AD-AS INTERACTIONS – Not exrtemely formal but interactive
As Krugman continues to say, every economist ought to have an AD-AS (IS-LM & LD-LS) model in the back of his head. I agree. To this end, I would like to direct you to White Nova‘s Think Economics website. There you can find a simple such model to play around with through a series of interactive graphs about:
- Changes in Supply, Demand and Market Equilibrium
- A Firm’s Long Run Average Cost Curve
- Profit Maximization for a Competitive Firm
- The Aggregate Demand and Aggregate Supply Model
- Macroeconomic Phenomena in the AD/AS Model
- Economic Policy (Fiscal and Monetary Policy) Tools
On a more sophisticated and diverse note, you can also find this type of interactive modelling provided by Manfred Gärtner at Eurmacro. It provides a “road map” of macroeconomic topics as well as a tutorial of an extremely rich range of different interactive macro and political economy models. You need to have your Java Plugins up to date to use the applet. Finally, the Economics Web Institute also has some stand alone software which you might find useful.
- Matlab (not for free) and Octave (for free) are two mathematic programmes that can be used as a platform for conducting any mathematical tasks. In that sense they can both be used for both theoretical and empirical analysis. However, on account of the large range of pre-packaged, user friendly, empirical software the emphasis is generally on the derivation of theoretical models. Please refer to this document for guidance on how to install and run Octave with a user friendly Graphical User Interface.
Macroeconomic Modelling Packages for Matlab (and Octave)
- Sims Code for Solving Solving Linear Rational Expectations Models – Matlab, Octave R
- Uribe‘s Matlab Code for First-Order and Second-Order Accurate Solutions to DSGE Models
- Dynare (used by the European Commission) is the typical tool used for the derivation of Macroeconomic models. It can be applied to Matlab as well as to Octave. Once it is installed (in the manners described here), it is possible to run several economic models provided by a variety of sources:
- The Macroeconomic Model Database is an independent organisation of economists which compiles and distributes an extremely wide range of macroeconomic models from different economists and economic institutes in Matlab format. They encompass several countries and several economic assumptions. The database of over 50 models is described here and used in this article. Register and Login for free to download here.

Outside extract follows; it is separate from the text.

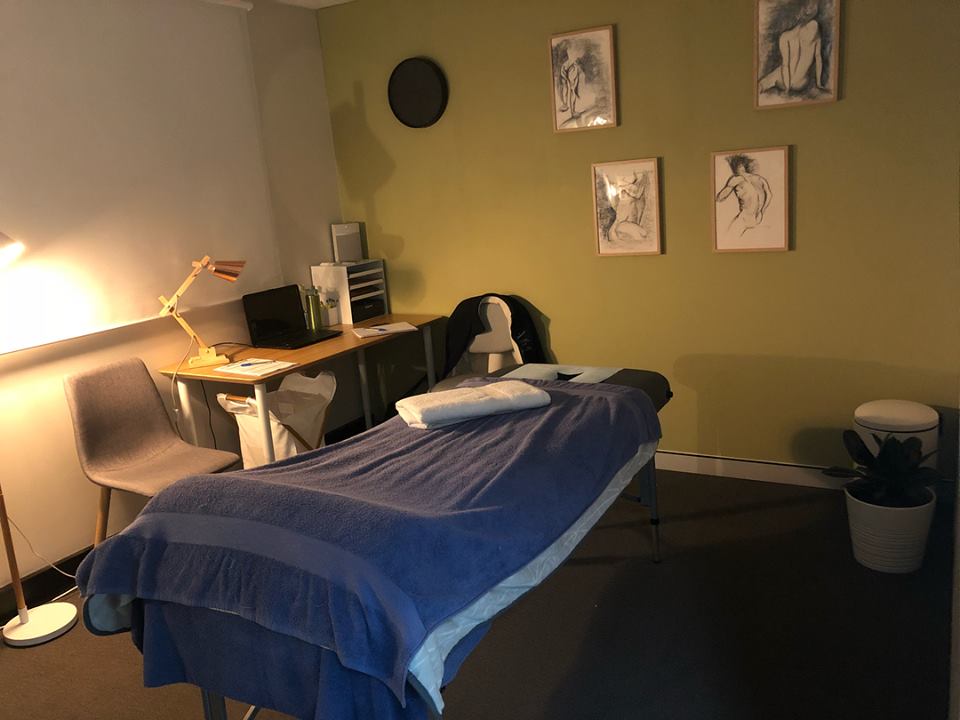 Empower Remedial Massage | doctor | 2/56 Ley St, Como WA 6152, Australia | 0407387192 OR +61 407 387 192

- European Commission – Euro-area Economy Modelling Centre: The QUEST III Model (Download), as described in “QUEST III: An estimated open-economy DSGE model of the Euro area with fiscal and monetary policy” Marco Ratto, Werner Roeger, Jan in ‘t Veld, European Commission, Economic Papers 335, July 2008
- YADA is a programme used by the ECB. It is similar to Dynare, except that I have found no reference to it working on Octave. It can be downloaded here.
- Uhlig’s Toolkit, provides another such simulating opportunity through the Macroeconomic Application Software. It can be download here ( it is only compatible with Matlab).
Stand Alone Theoretical Software
The European Commission economic research divisions have several resources of their own, on top of the models covered above. In parallel, professor Harald Uhilg, seems to be an economic open source entrepreneur, with a thought for user friendly tools. Uhlig’s Toolkit, asides from the Macroeconomic Application Software, also provides a range of stand alone programmes which rather simply are only 1 model relevant, but are extremely easy to install and use. These are the models provided on a stand alonge platform that I could find. I’m sure many more exist:
- European Commission: MACMIC (Database of simulations/estimates of the macroeconomic impact of microeconomic reforms)
- European Commission: Joint Research Centre - Institute for Prospective Technological Studies - IA Tools:
From Professor Uhlig’s website (notes here):
- Smets and Woulters (2003) Model -
- Hansen (1985) Model - From Professor Uhlig’s website
- Dynamo - Hansen and Finance Minister
For More Information …
… Professor Uhlig kindly offers these links as a map to guide you in these endeavours. I hope it helps!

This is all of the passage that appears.